Refactoring the Oncoscape Core #164

Open pshannon-bioc opened 8 years ago

pshannon-bioc commented 8 years ago

Refactoring the oncoscape core (14 dec 2015)

These notes propose some simple changes to Oncoscape in order to create a more flexible server. The principal change is the use of the Factory Pattern so that data and analyses can be made available to the server in many ways, ranging from directly in-process (as we do now) to remote, shared and secured in a service-oriented architecture (broadly understood) as is the clear need. The creation and provision of more sophisticated data and analysis services is not specified here. Instead, simple refactoring of the Oncoscape server is described which will support open-ended forms of distributed and secure computation in the future.

current constructor:

onco <- OncoDev14(port=port, scriptDir=scriptDir, userID=userID, datasetNames=current.datasets)

new form

app <- Oncoscape(port, analysisPackages, datasets, browserFile, userCredentials)

 analysisPackages: a list of R package names, each of which is derived from
                   the SttrAnalysisPackage base class
 datasets: a list of R package names, each of which is derived from the
           the SttrDataPackage base class

 browserFile: name of a file combining HTML, CSS and Javascript
 userCredentials: an instance of the UserCredentials class (or a subclass)

Three abstract base classes are needed:

   SttrDataPackage: need add open-ended support for indirect data (local database, remote
      database, cloud, etc.)
   SttrAnalaysisPackage: provides template and some shared methods for, e.g., PCA, PLSR, and
      future additions
   UserCredentials:  open-ended design, from simple userID and no password, to LDAP, AD, and etc.

Both SttrDataPackage and SttrAnalysisPackage follow the loose definition of SOA, service oriented architecture (https://en.wikipedia.org/wiki/Service-oriented_architecture):

   "a component that is encapsulated behind an interface"

The PCA analysis package behaves like this (these calls are made by the Oncoscape server)

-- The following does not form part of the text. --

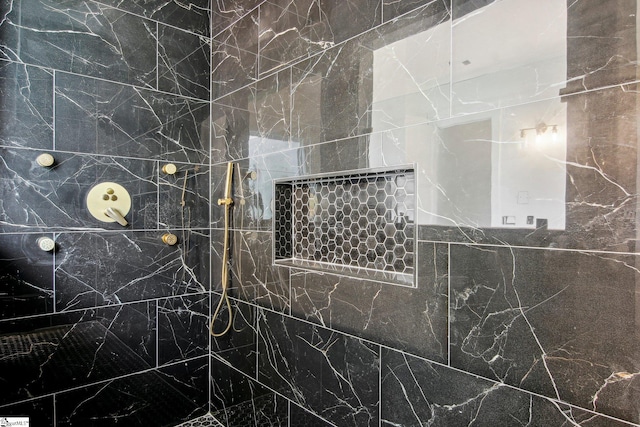 bathroom featuring tile walls and tiled shower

   packge.name <- "PCA"    # or "PCA.SOA.AmazonS3" or ...
   library(package.name)   # load the code, which may be self-contained, or a facade to a
                           # adaptive distributed system deployed in the cloud, or ...
                           # crucial: the server has no idea how the PCA calculations are actually
                           # performed, nor where the data actually is

   eval(parse(text=sprintf("pkg <- %s(server)", package.name)))
   register(pkg)           # the pkg tells the server the websocket messages it wants to receive

   the server provides data and message passing services to the pkg.

Two app constructor examples to demonstrate the spectrum of uses:

1) reproduce current style of use:

    app <- Oncoscape(7001, c("PCA", "PLSR"), c("DEMOdz", "TCGAbrain"),
                      "index.html", "demo@nowhere.org");

2) demonstrate distributed shared data, analysis, high security.  "

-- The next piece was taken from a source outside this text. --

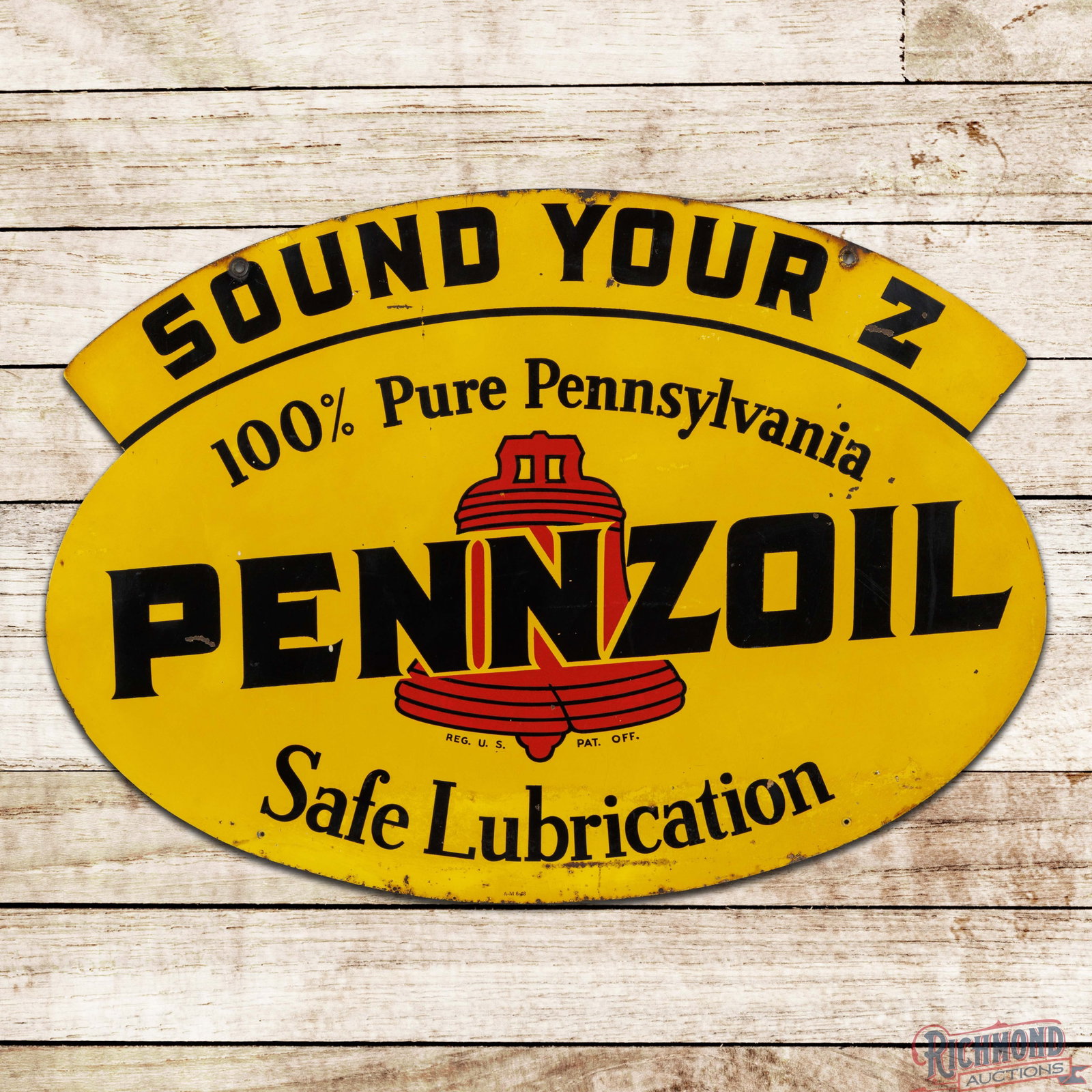 1948 Pennzoil Safe Lubrication "Sound Your Z" Double Sided Tin Sign: DST (double sided tin) die cut sign has good color and shine. The display has wear with paint chips, discoloration and wear. The perimeter has two small non-factory holes on the lower edges with oxida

    app <- Oncoscape(7001, c("PCA.SOA.AmazonS3", "PLSR.immediate"),
                     c("DEMOdz.immediate", "TCGAbrain.Amazon"), 
                     "index.html",
                     "HutchPHI")

    note that the actual values of the the user's credentials is deferred to 
    an as-yet unspecified but arbitrarily complex, arbitrarily secure class.

Data and analysis packages, and credentials, all depend upon the Factory design
pattern, in which a character strings are passed to the appropriate factory,
which returns a (possibly intricate, possibly simple) object of the appropriate
derived class.  Each of these concrete objects (an SttrDataPackage, an SttrAnalysisPackage,
a UserCredential instance) supports the methods of their base class, so each
can be used in Oncoscape interchangeably.  

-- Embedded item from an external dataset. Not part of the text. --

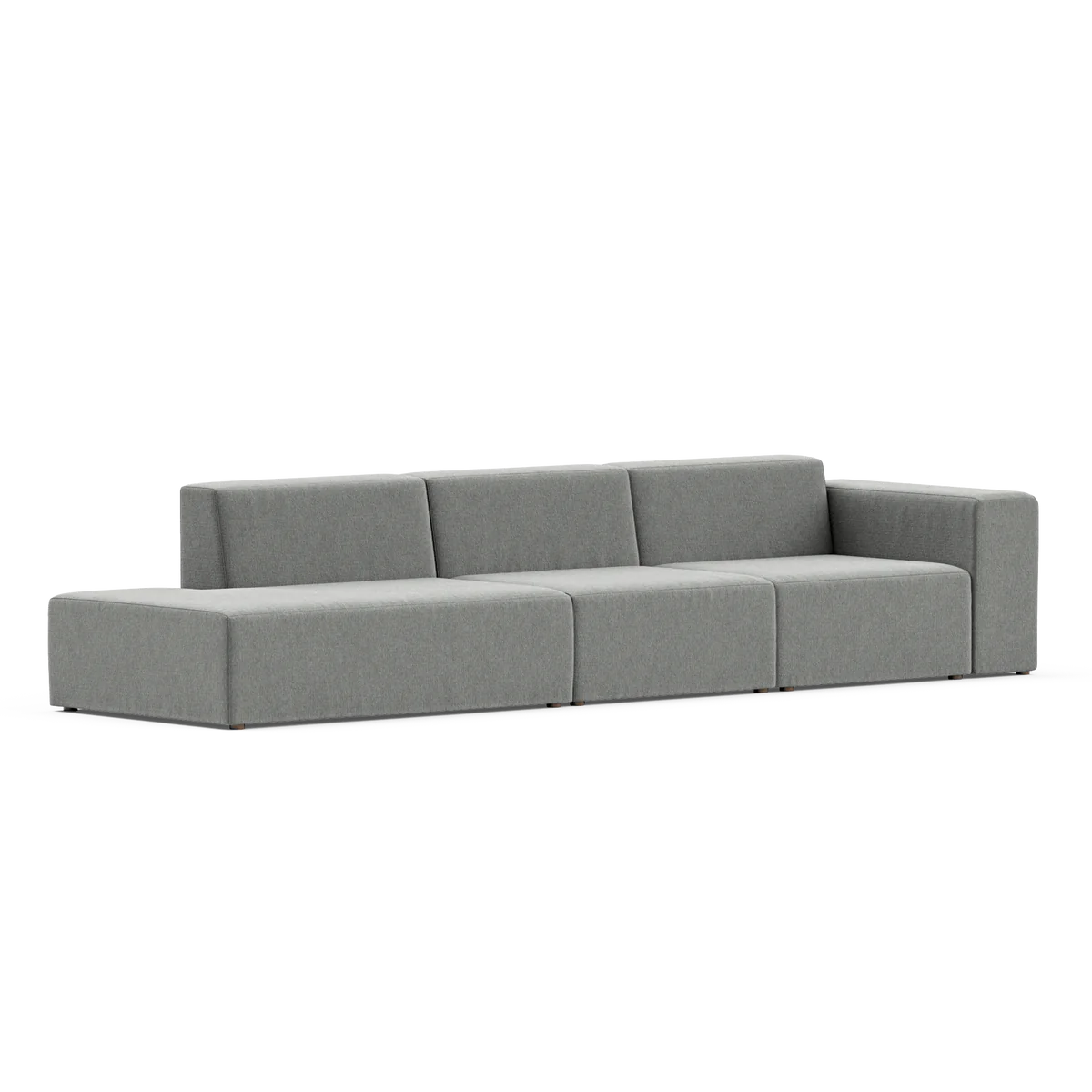 The Three-Seater Form Sectional is a modern and minimalist gray sofa featuring three seat sections and a low backrest, designed with clean lines and a boxy shape. It sits on a flat surface in a well-lit environment.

For example, imagine the use of a private BRCA data set stored with many layers of security
on the Amazon cloud.

  app <- Oncoscape(7001, 
                   c("TCGAbrca.SOA.AmazonS3", "BRCA4013.SOA.AmazonS3.PHIlevel.10"),
                   c("PCA.immediate", "HOBO.hutchCluster"), 
                   "index.html",
                   "HutchCredentials.PHI.level.10")

 As the app starts up:
    1) the specified credentials object is created, and the user must establish
           a) she has a secure connection
           b) she is authorized 
    2) TCGAbrca.SOA.AmazonS3 is created, needs no credentials (or maybe just enough
       for billing purposes)
    3) BRCA4013.SOA.AmazonS3.PHIlevel.10 is created.  the high security credentials
       from step 1 must be supplied
    4) a PCA package is loaded and initialized; it runs in-process with Oncoscape
    5) a hobo similarity calculator, peruaps already running on the hutch cluster,
       is contacted.  maybe credentials are needed, if only to track which lab
       is using the cluster.
canaantt commented 8 years ago

@grettygoose @canaantt need to learn from Paul's design and work through all the remaining datasets.